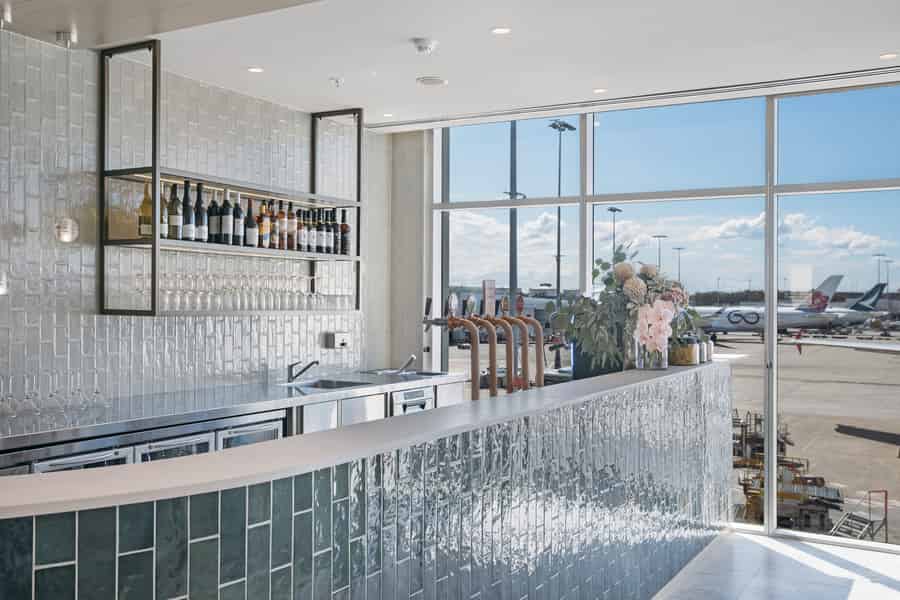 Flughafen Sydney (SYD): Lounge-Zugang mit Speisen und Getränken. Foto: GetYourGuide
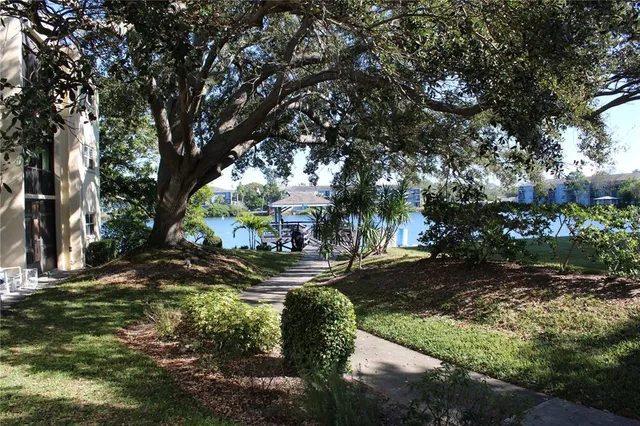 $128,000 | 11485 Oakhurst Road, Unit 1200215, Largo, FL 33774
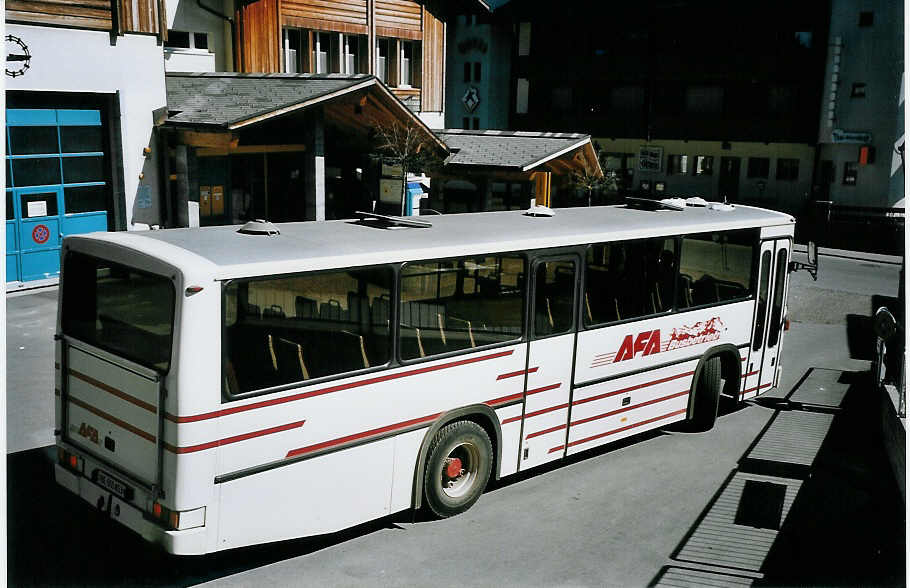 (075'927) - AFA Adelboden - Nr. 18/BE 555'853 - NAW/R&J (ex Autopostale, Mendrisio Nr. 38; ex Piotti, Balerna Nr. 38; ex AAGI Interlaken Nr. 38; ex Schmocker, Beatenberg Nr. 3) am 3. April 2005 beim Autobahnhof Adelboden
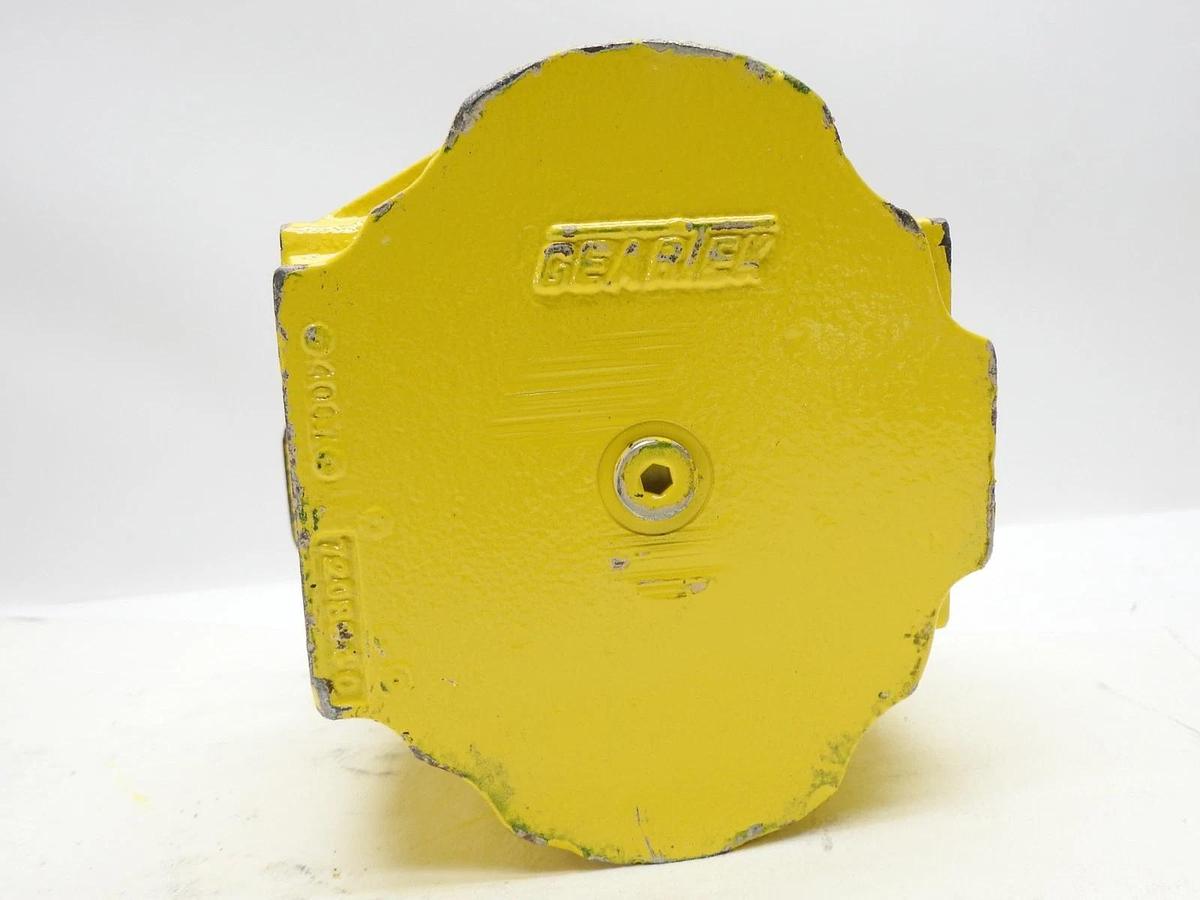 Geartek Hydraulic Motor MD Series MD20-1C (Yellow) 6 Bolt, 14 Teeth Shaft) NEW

---

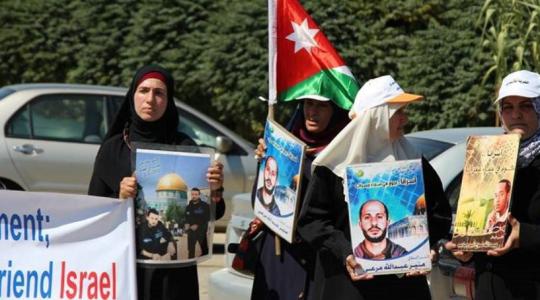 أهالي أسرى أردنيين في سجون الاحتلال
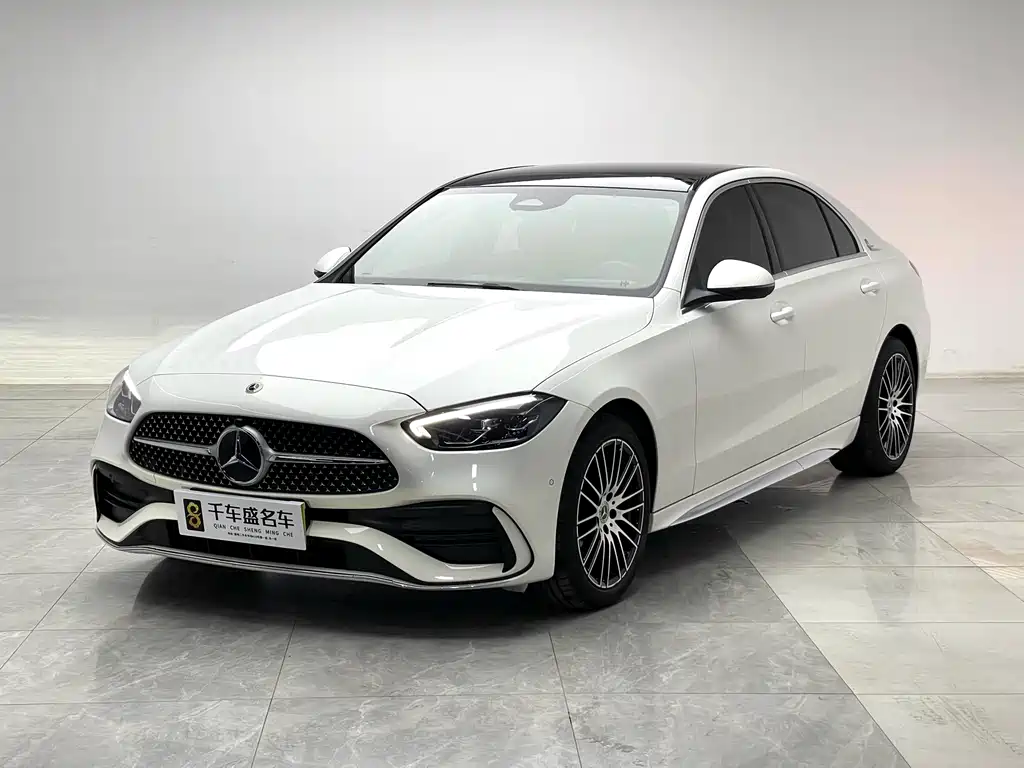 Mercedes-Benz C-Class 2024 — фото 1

Work required: Starting with the line above that holds "Flughafen Sydney (SYD): Lounge-Zugang", restate each line word for word up to and including the line that holds "Largo, FL 33774". Drop the pictures.

Answer:
 Flughafen Sydney (SYD): Lounge-Zugang mit Speisen und Getränken. Foto: GetYourGuide
 $128,000 | 11485 Oakhurst Road, Unit 1200215, Largo, FL 33774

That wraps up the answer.